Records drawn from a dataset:
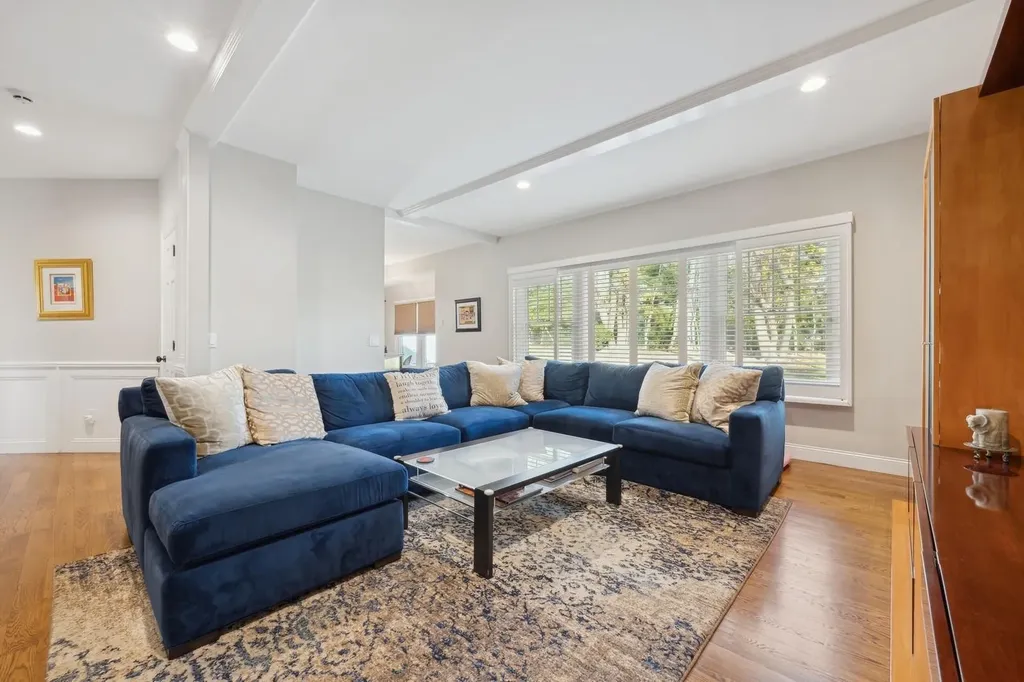 39 Ivy Drive Jericho NY 11753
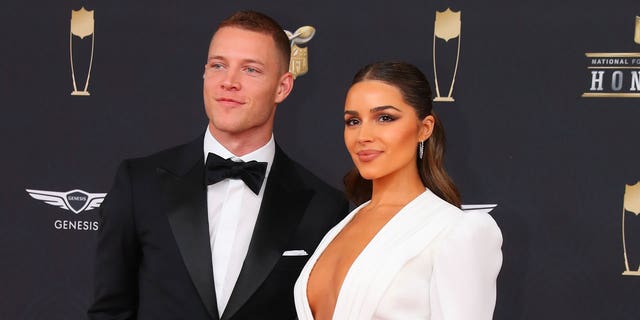 奥利维亚·卡尔波穿着一套类似的“有伤风化”服装达美航空的航班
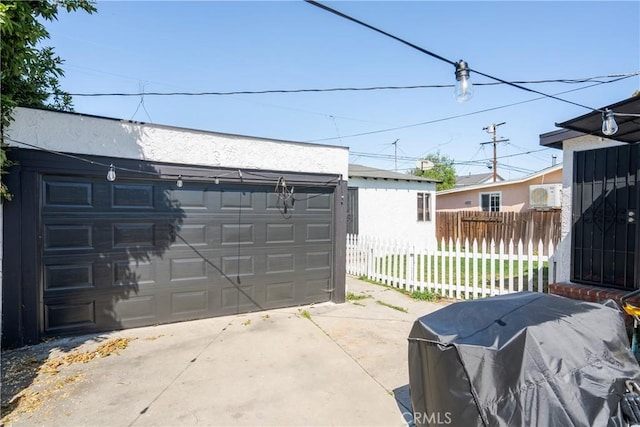 11001 Duncan Ave, Lynwood, CA 90262 - view of detached garage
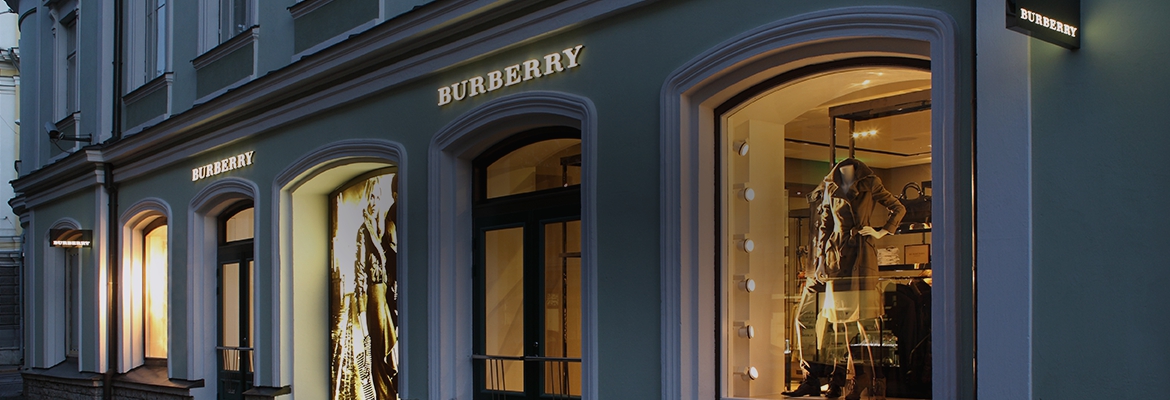  Titulinis Burberry talinas fasadas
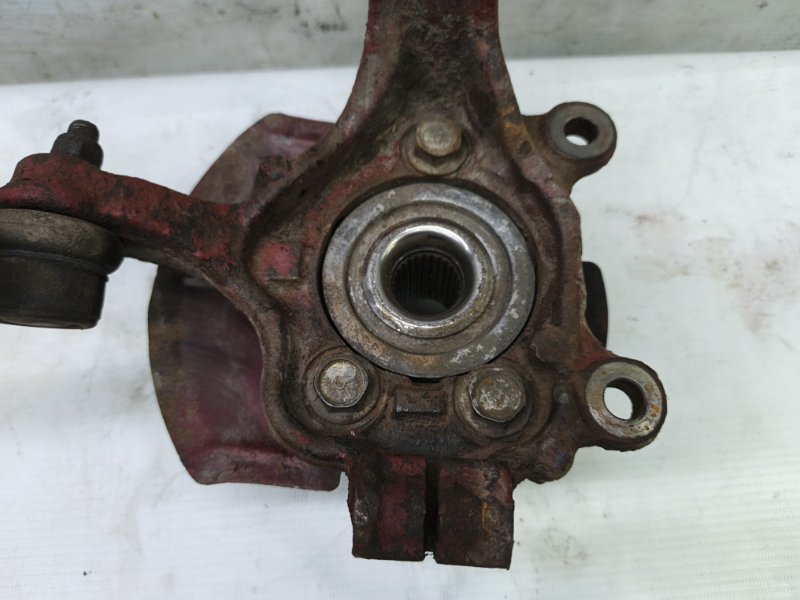 Кулак поворотный Nissan Tiida 2007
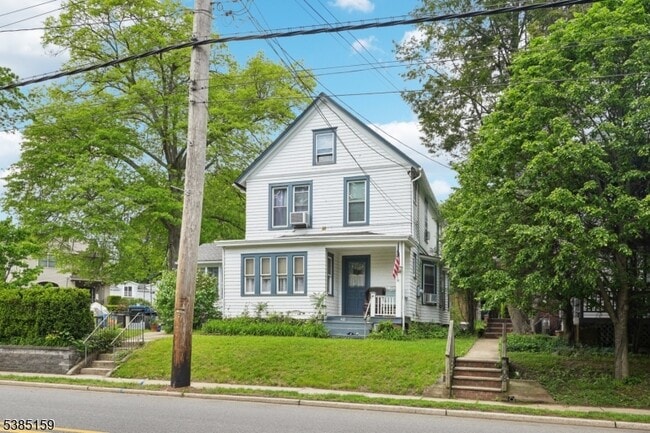 Building Photo - 412 Maple Ave Rental
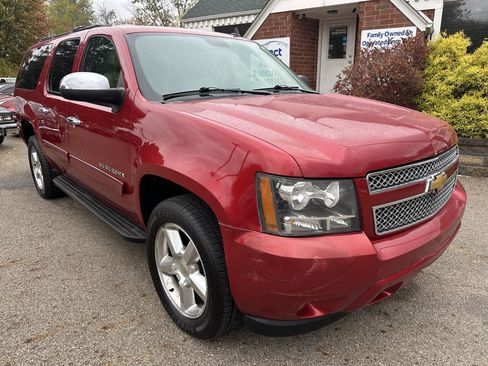 Used 2012 Chevrolet Suburban LT w/ All-Star Edition AWD/4WD image 10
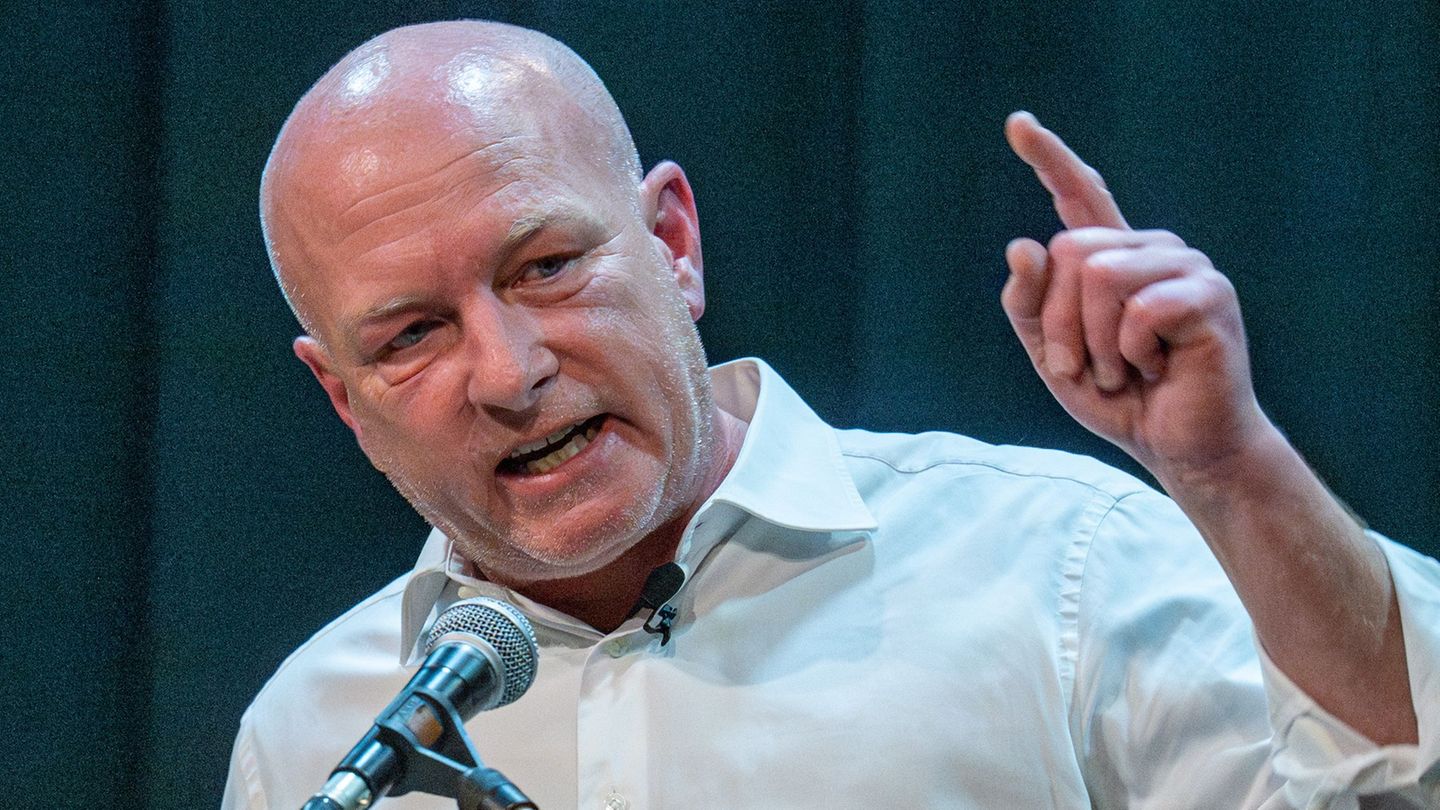 Der ehemalige Oberbürgermeister von Regensburg, Joachim Wolbergs, steht erneut vor Gericht. (Archivbild) Foto: Armin Weigel/dpa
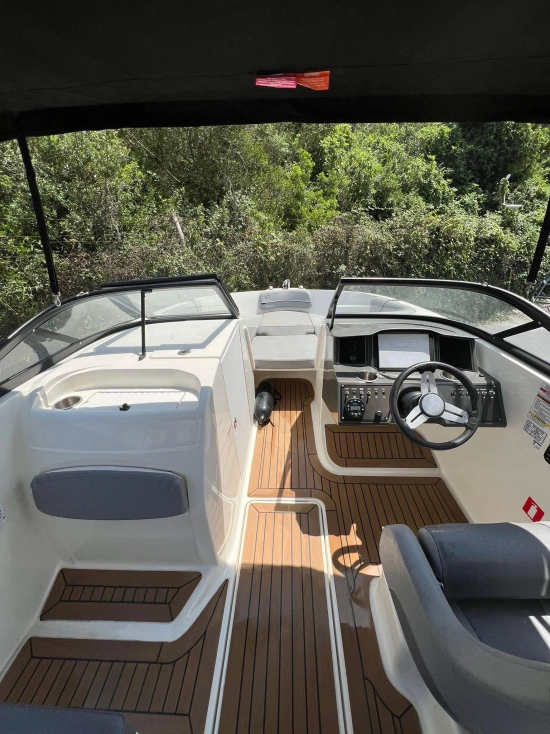 Bayliner VR6 Bowrider OB usado à venda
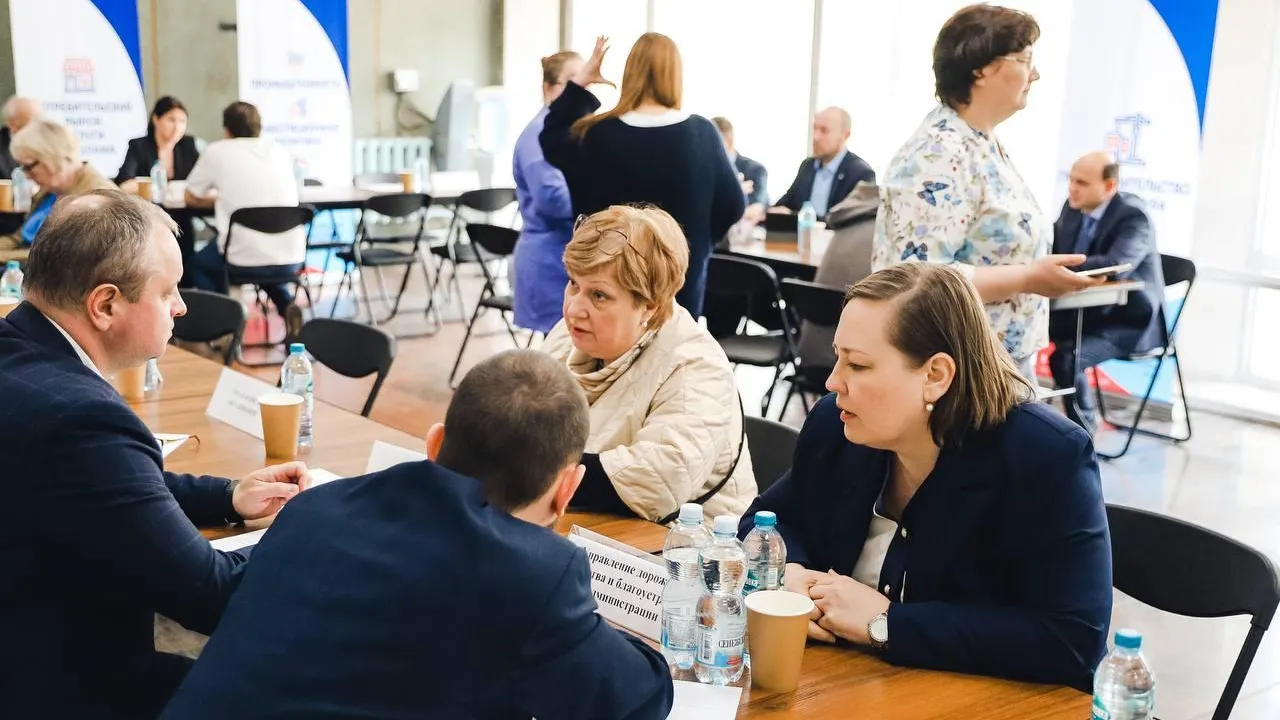 В подмосковных Химках прошла выездная администрация для сотрудников МБК «Факел»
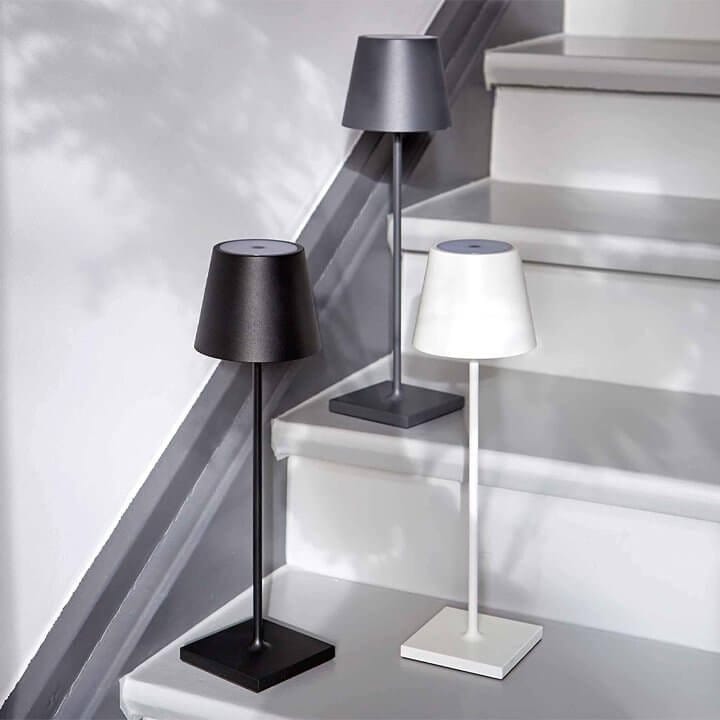 Lampe de table LED étanche compatible avec Alexa – design minimaliste et commande vocale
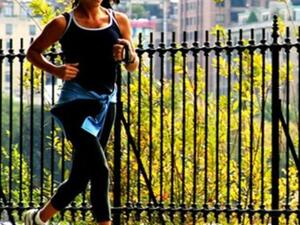 سيدة تقوم بالتريض في متنفس طبيعي 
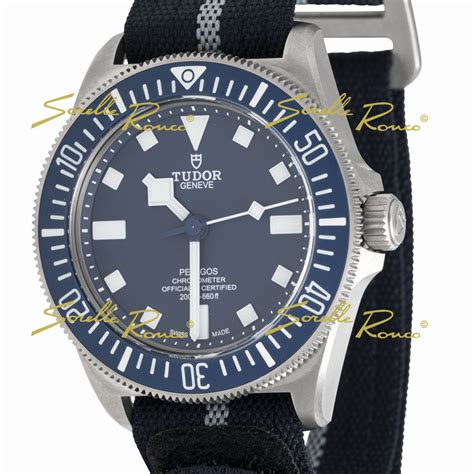 tudor quadrante particolare|Orologio Tudor Pelagos FXD 42mm Quadrante Blu Quadrante .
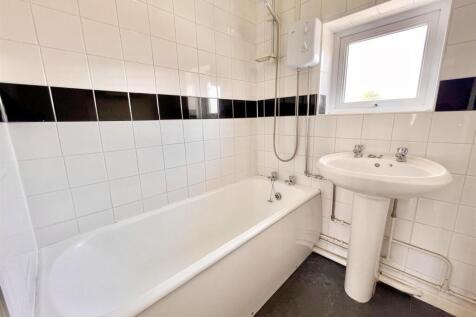Bathroom.JPEG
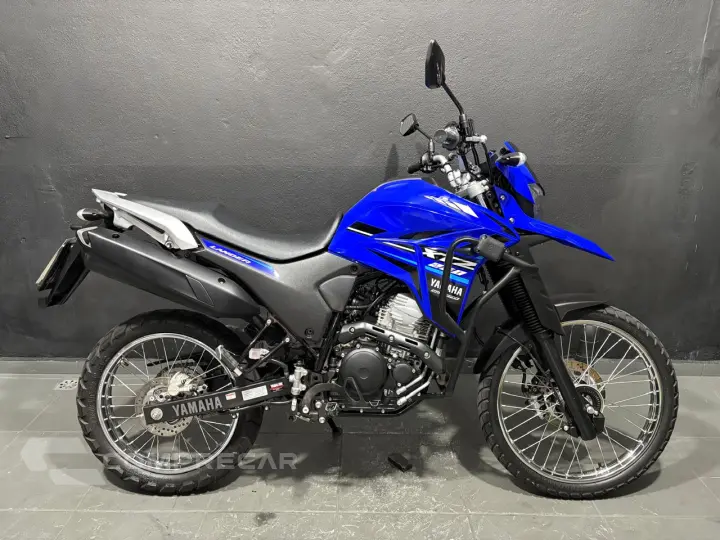 LANDER 250 ABS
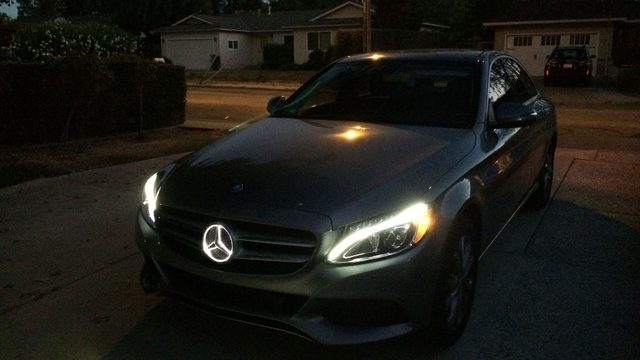 Mercedes-Benz C-Class: How to Install Illuminated Star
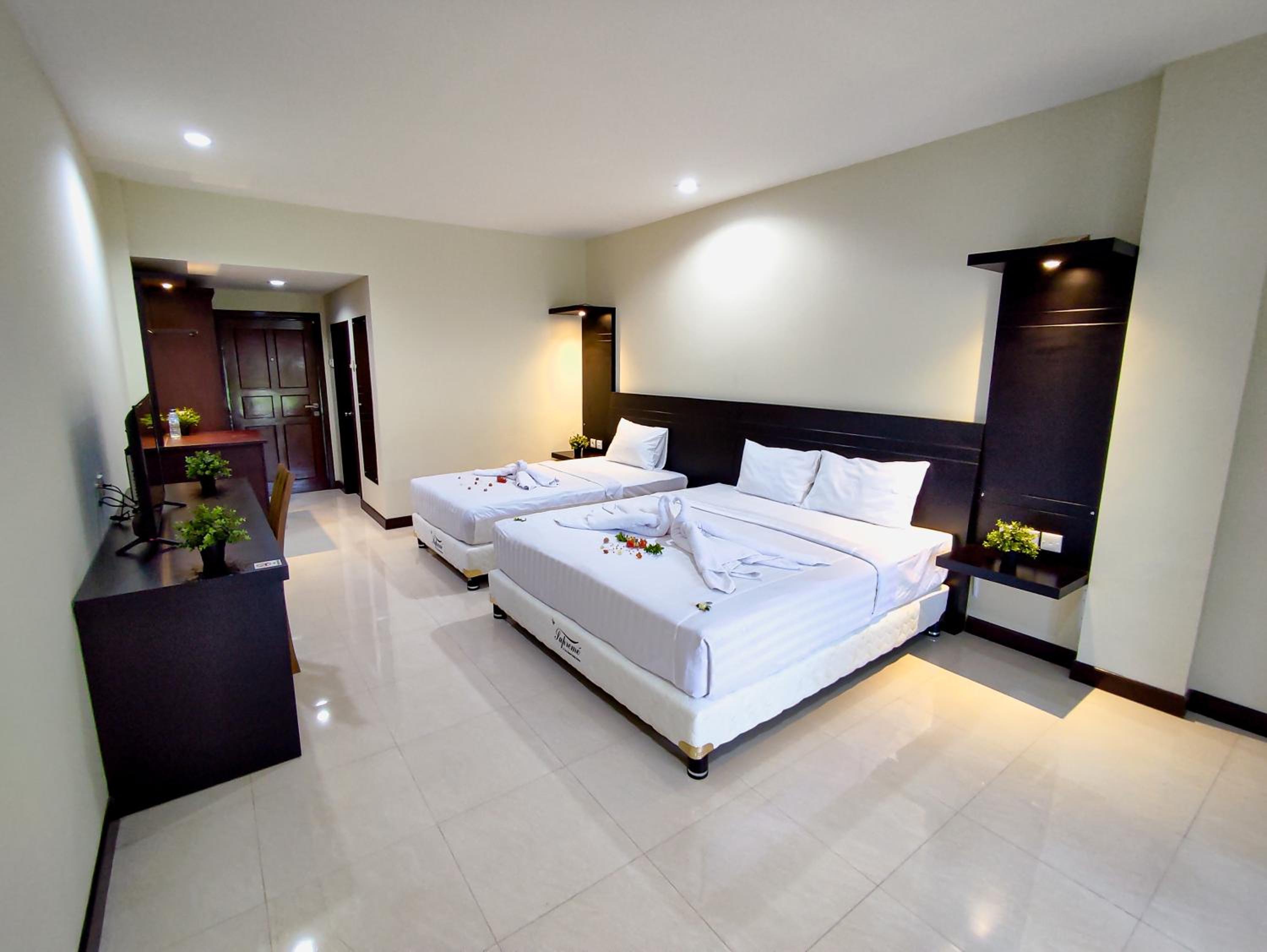 Superior Triple Room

◆ What is being asked: Only the lines from the one containing "LANDER 250 ABS" through the end of the records above should be retyped, exactly as they stand, with any pictures left out.

◆ Written solution:
 LANDER 250 ABS
 Mercedes-Benz C-Class: How to Install Illuminated Star
 Superior Triple Room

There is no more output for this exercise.